Ehattesaht people have gathered by the water to send strength to the stranded young orca, and on March 27 paddled into the lagoon in a canoe to drum and sing for the killer whale. 

“We wanted to provide some comfort to kʷiisaḥiʔis and to see if she would follow the canoe into Little Espinosa,” stated an update from the First Nation’s chief and council. “It was really powerful seeing our people and guests on the water. They were there with purpose and good hearts and even a rainbow came over the lagoon as the sun tried to shine.”

“Despite efforts to entice the whale out of the lagoon, it appears that the second sand bar at the causeway remains a significant concern for the whale calf named kʷiisaḥiʔis, who remains reluctant to pass over it into deeper waters,” stated DFO, referencing the shallow section where the young orca’s mother died.

The team has also tried to encourage the orca to leave the lagoon during high tide by playing recorded calls from a nearby pod of transients. This didn’t work as they had hoped.

“In the past, underwater playback sounds have been highly effective as an attractant to move whales out of a potentially dangerous situation,” stated DFO. “For the whale calf, kʷiisaḥiʔis (kwee-sa-hay-is), these proved to be repelling.”
The lagoon is almost three kilometres long, nearly one kilometre wide in a section and can be 100 feet deep during a high tide. But conditions can change quickly with the tides and weather patterns, and a rainy and windy Easter weekend forced the team to await better conditions before more attempts are made to lure the orca into the open ocean.
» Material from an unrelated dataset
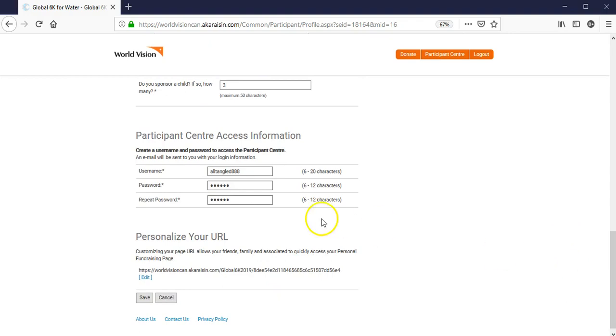And then lastly, once everything is good to go, click on save, and we will have your updated information.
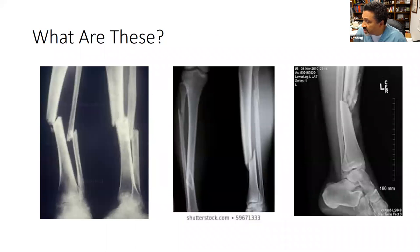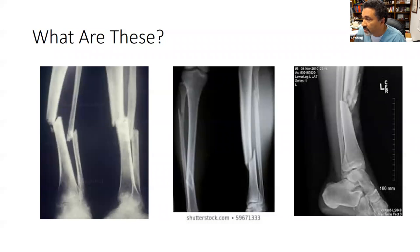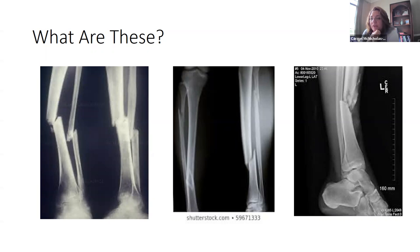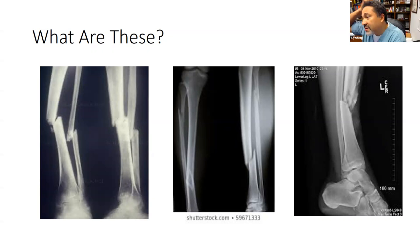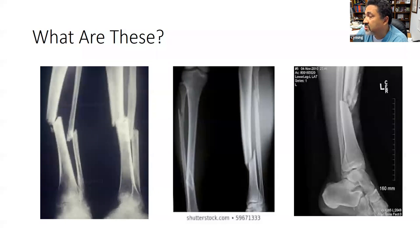The instructor puts up X-rays and asks students to think about what the injury is and how it happened, entering answers in the chat. Students identify tibia and fibula fractures. It takes a lot of force to break these bones — car accidents or falls with a tangential force are common causes. These are compound fractures of the tibia and fibula.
Success came within reach on Thursday, March 25, late in the afternoon at high tide. With 11 vessels in the lagoon, Oikomi pipes were suspended underwater, making a “wall of sound” to coax the orca towards the open ocean.

“Really the plan did work, but in the end little kʷiisaḥiʔis was not ready to move through the gap and into Little Espinosa,” stated Ehattesaht chief and council. “We did get her closer, but right close that flight or fight instinct took over and she swam back underneath us and went all the way back to the end of the lagoon. Everyone was pretty let down.”

“The whale calf broke through the wall of sound eventually to move back to the deep area of the lagoon,” stated DFO. “This was disappointing for all involved, however, it demonstrated the potential effectiveness of this technique and the capacity for the highly diverse team to work in tandem for a seamless execution.”

Physically transporting the animal is up for consideration, but this brings an undesirable risk. 
“Trap-and-transport is one of the considerations on the table, however, it would not be utilized until other options have been exhausted due to its complexity and potential risks to the calf and the responders,” stated DFO.

As the team awaits more favorable conditions for their next attempt, reports and photographs from a whale watching group show that two related pods were in Barkley Sound on Sunday, March 31, heading north towards Ehattesaht territory.

“One of the pods identified is the juvenile calf’s matriline, the other is extended family,” stated DFO, based on a whale researcher’s examination.